Biologists Discover Protein's Impact On Plant-Water Balance

In response to drought, sunlight, and other stimuli, guard cells control the opening and closing of microscopic stomatal pores on leaves of plants through which the plant gives off water vapor and oxygen to the atmosphere and takes in carbon dioxide for photosynthesis. Guard cells thereby moderate the amount of water and carbon dioxide in the plants. Researchers Sarah M. Assmann, professor of biology at Penn State, and Xi-Qing Wang, a postdoctoral scholar at Penn State, along with collaborators at the University of North Carolina, discovered that by altering a specific protein in the guard cells those cells had less control over the amount of water lost by the plants through their stomatal pores. The research team's results will be published in the 15 June 2001 edition of Science.

"The potential agricultural significance is being able to regulate stomatal apertures," Assmann says. "From a farmer's perspective, finding a way to maximize photosynthesis and yield, and a way to minimize irrigation, which can be expensive, would be important."

In Arabidopsis thaliana, the researchers' model organism, also known as mouse-ear cress, the natural hormone abscisic acid (ABA) usually promotes water conservation under drought conditions by signaling guard cells to change their volume, thereby decreasing the size of the stomatal pores and limiting the amount of water lost by plants. The North Carolina researchers identified Arabidopsis plants in which a naturally occurring G-protein component within the guard cells, the G-protein alpha subunit, had been eliminated. The Penn State group analyzed those plants and found that they had lost a typical response to ABA regulation of the guard cells. As a result, opening of the stomatal pores was no longer inhibited by ABA and water loss from the plants was greater than in unaltered plants.

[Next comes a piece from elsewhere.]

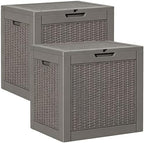 Outdoor Storage Box, Resin Deck Boxes Indoor and outdoor, Waterproof Storage by NBYSGO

Animals, including humans, have approximately two dozen G proteins that fulfill fundamentally important roles by relaying signals for smell, taste, and vision. Plants have a much smaller family of G proteins that perform similar duties regarding response and signaling about their environment, and those proteins are not as well understood as their counterparts in animals and humans. With their findings, the researchers gained a better appreciation of the proteins' role in plants. Because the plant system has fewer G proteins, and therefore less "crosstalk" between G-protein pathways, its simplicity also may allow researchers to unravel universal questions regarding G-protein mechanisms more easily than in animal systems.

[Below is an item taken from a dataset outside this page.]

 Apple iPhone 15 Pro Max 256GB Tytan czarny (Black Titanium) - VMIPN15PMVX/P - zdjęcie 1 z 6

"These proteins have been of interest to me for a long time because of their fundamental importance for environmental responses," Assmann says. "Until recently, though, we did not have the genetic tools that allowed us to completely prevent the plants from expressing just one particular type of response. With that capability, we have been able to learn a great deal about what happens to the plants."

With the G-protein information as a starting point, researchers should be able to learn even more about environmental response and signaling in plants. In addition, because Hong Ma, associate professor of biology at Penn State and the first to identify plant G-protein genes, already has identified G-protein components in crop species such as corn and tomatoes, the research results present some interesting possibilities.

"We cannot state that the G proteins will do the same thing in agronomic species that they do in Arabidopsis, but it's a testable hypothesis and it's a reasonable hypothesis," Assmann says. "There are also many potential applications, such as controlling stomates to allow plants like feed corn to dry faster in the field before harvest. Conversely, if we could control the guard cells to increase plant water retention during the growing season and reduce the need for expensive irrigation, we also would improve the agroenviroment because irrigation increases the amount of salt left behind in the soil and saline soils are toxic to most crop plants."

Collaborators from North Carolina were: Alan Jones, professor of biology, and Hemayet Ullah, graduate student. This research was supported by the National Science Foundation and the U.S. Department of Agriculture.